The Responses of Pakistan and Turkey to Refugee Influxes: A Comparative Analysis of Durable Solutions to Protracted Displacements
Hidayet Siddikoglu and Ali Zafer Sagiroglu
April 18, 2023
Abstract
This research aims to study how Turkey and Pakistan (the world’s largest refugee hosting countries) have reacted to and managed protracted refugee challenges. In the context of Pakistan, the study explores the Afghan refugee influx since the late 1970, while for Turkey the focus is on the Syrian refugee inflow since 2011. While cognizant of contextual differences (time and space) between these two countries, we aim to comparatively explore policies, best practices, and short and long-term solutions developed to protracted displacement issues in each country. To do this we intend to comparatively explore the role of institutional environments and the international refugee regime in resolving protracted refugee issues in a chronological sequence.
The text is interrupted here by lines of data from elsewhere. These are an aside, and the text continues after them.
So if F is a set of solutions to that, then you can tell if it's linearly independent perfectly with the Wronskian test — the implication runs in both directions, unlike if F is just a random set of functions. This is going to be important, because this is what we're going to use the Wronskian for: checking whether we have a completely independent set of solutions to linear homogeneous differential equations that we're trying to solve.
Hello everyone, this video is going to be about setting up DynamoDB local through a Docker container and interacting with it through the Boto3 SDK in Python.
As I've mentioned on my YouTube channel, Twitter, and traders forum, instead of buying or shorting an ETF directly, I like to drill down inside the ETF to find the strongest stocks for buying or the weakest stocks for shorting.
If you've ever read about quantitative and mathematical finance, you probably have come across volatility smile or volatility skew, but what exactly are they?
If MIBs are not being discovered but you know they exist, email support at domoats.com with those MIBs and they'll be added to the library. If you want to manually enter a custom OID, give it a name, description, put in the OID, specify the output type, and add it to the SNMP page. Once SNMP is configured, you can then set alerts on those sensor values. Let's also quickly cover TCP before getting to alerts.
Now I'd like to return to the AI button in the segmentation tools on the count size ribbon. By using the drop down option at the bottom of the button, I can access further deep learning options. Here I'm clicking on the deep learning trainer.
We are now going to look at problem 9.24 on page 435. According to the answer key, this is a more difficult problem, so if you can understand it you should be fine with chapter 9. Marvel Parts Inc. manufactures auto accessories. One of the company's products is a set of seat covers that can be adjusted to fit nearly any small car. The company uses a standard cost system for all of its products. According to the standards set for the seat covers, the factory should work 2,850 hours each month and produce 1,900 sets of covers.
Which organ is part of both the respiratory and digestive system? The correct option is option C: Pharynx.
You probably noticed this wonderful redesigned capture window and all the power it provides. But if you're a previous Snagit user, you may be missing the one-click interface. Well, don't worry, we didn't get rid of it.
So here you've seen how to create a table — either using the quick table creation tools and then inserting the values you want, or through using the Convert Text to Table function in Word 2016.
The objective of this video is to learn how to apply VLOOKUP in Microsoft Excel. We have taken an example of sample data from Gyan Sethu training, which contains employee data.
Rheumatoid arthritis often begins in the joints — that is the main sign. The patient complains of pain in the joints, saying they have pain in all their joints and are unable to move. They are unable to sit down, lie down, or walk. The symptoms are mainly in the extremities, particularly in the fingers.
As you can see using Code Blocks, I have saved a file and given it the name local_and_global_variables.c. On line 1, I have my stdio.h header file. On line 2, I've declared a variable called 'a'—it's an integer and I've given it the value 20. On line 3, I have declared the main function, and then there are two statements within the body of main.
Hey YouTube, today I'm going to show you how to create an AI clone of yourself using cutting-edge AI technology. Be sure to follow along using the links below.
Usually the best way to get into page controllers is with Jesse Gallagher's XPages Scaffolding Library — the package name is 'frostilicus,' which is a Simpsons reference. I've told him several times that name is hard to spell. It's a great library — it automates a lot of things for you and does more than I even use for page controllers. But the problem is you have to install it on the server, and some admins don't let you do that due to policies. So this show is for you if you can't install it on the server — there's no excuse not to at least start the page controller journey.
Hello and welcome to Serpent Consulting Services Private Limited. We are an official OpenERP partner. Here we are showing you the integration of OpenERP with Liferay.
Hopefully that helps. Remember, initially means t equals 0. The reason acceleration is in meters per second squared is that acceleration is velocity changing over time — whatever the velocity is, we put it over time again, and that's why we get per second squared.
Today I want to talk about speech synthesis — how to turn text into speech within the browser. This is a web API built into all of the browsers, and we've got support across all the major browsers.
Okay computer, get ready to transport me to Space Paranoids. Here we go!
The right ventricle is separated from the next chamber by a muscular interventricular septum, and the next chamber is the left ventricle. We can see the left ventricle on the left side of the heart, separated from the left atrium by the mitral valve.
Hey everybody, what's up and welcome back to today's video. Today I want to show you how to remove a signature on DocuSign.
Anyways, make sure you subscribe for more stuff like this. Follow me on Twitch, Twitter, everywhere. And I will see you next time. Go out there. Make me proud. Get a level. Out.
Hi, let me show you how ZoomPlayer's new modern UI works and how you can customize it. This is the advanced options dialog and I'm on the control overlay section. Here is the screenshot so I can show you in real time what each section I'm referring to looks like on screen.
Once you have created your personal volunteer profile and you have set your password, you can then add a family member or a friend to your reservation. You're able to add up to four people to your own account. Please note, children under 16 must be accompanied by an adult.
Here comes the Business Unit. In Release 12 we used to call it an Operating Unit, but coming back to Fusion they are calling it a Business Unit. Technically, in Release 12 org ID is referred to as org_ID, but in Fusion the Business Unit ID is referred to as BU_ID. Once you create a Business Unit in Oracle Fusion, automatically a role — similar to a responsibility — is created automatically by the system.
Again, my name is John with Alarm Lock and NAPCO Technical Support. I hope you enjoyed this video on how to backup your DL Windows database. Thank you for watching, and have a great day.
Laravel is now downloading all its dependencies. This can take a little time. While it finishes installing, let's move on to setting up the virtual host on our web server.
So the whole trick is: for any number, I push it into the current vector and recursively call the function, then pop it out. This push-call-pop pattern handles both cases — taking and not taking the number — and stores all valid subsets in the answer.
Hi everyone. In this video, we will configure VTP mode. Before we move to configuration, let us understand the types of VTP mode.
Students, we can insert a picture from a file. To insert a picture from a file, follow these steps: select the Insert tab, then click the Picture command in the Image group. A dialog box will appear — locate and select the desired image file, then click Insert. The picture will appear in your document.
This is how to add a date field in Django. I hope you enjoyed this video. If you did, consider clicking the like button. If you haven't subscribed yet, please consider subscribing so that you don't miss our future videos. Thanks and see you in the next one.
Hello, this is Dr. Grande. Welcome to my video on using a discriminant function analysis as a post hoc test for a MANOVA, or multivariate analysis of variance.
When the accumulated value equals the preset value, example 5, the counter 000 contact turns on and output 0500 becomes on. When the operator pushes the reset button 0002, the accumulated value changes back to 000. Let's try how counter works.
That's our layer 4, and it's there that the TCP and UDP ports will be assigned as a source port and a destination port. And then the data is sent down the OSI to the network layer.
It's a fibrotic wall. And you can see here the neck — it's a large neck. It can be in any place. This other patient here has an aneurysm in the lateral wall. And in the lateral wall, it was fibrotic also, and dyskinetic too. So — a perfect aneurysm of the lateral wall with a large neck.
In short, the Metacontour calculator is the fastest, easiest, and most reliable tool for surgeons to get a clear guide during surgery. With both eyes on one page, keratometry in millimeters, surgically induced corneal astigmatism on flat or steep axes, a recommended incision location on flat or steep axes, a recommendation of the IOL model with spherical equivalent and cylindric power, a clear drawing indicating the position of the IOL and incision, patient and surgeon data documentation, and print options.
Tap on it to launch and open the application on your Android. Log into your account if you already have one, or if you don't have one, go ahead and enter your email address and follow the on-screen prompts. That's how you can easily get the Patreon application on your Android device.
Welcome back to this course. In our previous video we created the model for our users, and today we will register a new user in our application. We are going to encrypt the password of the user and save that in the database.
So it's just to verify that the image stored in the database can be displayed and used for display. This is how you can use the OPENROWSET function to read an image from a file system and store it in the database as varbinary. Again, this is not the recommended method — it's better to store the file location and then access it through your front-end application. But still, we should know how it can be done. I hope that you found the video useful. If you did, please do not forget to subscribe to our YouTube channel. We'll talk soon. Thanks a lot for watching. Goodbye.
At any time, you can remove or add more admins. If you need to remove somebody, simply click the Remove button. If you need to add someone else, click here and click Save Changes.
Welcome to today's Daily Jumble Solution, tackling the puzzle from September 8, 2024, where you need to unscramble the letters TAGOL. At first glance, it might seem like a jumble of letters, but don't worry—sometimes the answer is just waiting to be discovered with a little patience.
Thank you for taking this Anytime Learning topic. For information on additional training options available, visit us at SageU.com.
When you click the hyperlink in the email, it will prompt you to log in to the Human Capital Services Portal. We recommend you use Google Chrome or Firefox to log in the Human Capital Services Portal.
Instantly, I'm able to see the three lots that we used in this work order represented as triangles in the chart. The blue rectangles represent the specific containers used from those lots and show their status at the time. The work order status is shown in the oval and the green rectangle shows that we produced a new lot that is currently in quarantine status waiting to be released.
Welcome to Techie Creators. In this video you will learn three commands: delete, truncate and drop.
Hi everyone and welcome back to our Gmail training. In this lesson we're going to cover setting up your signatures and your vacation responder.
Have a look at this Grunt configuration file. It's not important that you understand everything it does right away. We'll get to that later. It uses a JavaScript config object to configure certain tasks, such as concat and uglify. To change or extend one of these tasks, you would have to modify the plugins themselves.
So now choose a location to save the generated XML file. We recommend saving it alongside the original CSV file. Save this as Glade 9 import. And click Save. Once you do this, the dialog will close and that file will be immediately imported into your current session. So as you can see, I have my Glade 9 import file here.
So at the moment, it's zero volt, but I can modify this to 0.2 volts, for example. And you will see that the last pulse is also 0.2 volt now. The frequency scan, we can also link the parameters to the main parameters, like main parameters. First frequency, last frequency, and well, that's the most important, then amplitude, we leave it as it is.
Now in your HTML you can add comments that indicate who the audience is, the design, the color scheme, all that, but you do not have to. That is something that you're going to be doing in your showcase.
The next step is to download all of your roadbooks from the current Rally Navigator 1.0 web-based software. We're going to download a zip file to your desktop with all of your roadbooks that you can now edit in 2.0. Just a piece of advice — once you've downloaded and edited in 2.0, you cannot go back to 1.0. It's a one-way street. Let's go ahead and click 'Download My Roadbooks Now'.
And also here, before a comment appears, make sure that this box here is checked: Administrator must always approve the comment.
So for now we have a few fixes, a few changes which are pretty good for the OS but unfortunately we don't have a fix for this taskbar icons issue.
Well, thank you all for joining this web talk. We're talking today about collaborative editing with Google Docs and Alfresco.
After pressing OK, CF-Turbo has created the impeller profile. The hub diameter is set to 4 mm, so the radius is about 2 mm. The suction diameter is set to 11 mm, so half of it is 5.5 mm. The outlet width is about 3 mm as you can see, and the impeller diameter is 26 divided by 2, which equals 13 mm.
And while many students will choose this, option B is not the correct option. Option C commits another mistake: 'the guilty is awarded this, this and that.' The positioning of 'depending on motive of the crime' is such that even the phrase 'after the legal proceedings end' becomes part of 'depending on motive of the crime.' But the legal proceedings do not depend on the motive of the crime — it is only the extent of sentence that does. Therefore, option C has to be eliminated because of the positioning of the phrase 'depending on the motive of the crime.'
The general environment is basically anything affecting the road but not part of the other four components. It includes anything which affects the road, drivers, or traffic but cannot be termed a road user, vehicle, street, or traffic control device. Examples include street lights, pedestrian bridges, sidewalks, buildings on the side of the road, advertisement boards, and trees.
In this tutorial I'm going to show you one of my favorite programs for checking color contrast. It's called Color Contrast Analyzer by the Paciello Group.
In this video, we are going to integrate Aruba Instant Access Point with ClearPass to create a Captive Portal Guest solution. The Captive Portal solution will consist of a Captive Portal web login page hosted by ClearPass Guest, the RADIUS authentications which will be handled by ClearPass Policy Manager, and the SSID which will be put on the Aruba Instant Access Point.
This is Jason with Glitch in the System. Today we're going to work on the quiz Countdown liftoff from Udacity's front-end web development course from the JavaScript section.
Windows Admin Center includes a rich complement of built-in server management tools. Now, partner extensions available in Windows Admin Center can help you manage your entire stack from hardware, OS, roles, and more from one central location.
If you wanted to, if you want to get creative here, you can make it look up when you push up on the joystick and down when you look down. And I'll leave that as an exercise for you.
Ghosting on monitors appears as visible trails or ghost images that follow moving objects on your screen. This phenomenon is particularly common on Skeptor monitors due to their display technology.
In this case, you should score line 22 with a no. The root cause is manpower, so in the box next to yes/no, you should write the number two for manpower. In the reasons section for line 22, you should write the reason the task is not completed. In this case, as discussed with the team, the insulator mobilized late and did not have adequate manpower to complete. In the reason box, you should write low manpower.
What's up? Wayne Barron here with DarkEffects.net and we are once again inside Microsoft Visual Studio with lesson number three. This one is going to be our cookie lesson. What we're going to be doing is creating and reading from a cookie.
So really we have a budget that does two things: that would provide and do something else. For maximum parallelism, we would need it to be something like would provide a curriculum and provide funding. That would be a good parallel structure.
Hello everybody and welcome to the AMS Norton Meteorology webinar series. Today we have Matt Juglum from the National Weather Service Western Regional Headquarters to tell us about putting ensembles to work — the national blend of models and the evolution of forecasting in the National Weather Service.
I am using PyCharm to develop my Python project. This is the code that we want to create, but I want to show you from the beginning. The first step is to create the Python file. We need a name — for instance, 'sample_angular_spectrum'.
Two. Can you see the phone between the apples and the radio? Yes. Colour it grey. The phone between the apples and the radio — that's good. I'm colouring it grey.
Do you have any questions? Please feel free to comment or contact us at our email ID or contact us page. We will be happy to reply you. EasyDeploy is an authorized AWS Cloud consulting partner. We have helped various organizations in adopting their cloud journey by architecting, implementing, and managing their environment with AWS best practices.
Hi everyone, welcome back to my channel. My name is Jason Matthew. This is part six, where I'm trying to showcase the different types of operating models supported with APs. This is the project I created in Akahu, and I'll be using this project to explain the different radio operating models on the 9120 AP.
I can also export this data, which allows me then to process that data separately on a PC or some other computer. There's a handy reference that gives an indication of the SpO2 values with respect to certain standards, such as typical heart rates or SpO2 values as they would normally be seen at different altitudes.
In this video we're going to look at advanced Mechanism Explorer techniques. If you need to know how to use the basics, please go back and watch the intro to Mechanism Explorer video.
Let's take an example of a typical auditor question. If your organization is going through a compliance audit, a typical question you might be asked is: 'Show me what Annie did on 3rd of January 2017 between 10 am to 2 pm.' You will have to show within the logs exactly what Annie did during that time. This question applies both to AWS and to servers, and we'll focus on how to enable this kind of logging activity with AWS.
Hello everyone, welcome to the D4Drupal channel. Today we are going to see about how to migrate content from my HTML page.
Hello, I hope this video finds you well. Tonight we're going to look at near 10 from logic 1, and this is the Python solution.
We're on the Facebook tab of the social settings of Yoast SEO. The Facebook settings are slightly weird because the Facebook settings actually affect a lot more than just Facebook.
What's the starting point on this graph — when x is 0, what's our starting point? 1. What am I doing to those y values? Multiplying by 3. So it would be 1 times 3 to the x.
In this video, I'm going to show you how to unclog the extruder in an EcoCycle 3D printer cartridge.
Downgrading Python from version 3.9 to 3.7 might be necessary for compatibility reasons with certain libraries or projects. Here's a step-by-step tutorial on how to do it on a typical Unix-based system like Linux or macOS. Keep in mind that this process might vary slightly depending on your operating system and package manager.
First, we investigate how each state’s “open-door policies” toward the first influx of refugees evolved into ad-hoc solutions in the course of protracted displacement.
Second, we comparatively assess multilevel integration approaches and solution strategies at the macro (states and their cooperation with countries of origin and inter-governmental organizations such as the UN High Commissioner for Refugees (UNHCR) and International Organization for Migration (IOM)), meso (interventions/implementations), and micro levels (civil society and refugee-led initiatives). Third, we examine how refugee policies in each country are negotiated with national and international humanitarian and refugee agencies, including regional organizations and countries of origin. Theoretically, this article is grounded on a macro structural approach (state’s international humanitarian obligations and responsibilities), refugee diplomacy (state’s use of diplomatic tools, process administering refugees), and management theories.